[YOUR GOAL] Return the entries exactly as they appear.

--- PROVIDED INFORMATION Enclosed Below ---

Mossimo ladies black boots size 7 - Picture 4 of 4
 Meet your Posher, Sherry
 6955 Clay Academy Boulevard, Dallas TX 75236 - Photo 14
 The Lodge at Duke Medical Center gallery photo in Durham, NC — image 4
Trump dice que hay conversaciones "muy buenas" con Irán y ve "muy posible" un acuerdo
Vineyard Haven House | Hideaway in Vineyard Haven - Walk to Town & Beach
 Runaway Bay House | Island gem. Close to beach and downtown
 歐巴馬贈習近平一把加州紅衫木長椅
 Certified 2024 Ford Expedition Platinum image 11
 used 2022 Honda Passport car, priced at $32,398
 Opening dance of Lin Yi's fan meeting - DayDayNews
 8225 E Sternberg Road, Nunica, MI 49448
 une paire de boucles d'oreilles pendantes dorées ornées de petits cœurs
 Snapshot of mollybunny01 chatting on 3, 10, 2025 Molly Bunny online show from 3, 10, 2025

--- End of Enclosed PROVIDED INFORMATION ---

[WRITTEN RESPONSE]
Mossimo ladies black boots size 7 - Picture 4 of 4
 Meet your Posher, Sherry
 6955 Clay Academy Boulevard, Dallas TX 75236 - Photo 14
 The Lodge at Duke Medical Center gallery photo in Durham, NC — image 4
Trump dice que hay conversaciones "muy buenas" con Irán y ve "muy posible" un acuerdo
Vineyard Haven House | Hideaway in Vineyard Haven - Walk to Town & Beach
 Runaway Bay House | Island gem. Close to beach and downtown
 歐巴馬贈習近平一把加州紅衫木長椅
 Certified 2024 Ford Expedition Platinum image 11
 used 2022 Honda Passport car, priced at $32,398
 Opening dance of Lin Yi's fan meeting - DayDayNews
 8225 E Sternberg Road, Nunica, MI 49448
 une paire de boucles d'oreilles pendantes dorées ornées de petits cœurs
 Snapshot of mollybunny01 chatting on 3, 10, 2025 Molly Bunny online show from 3, 10, 2025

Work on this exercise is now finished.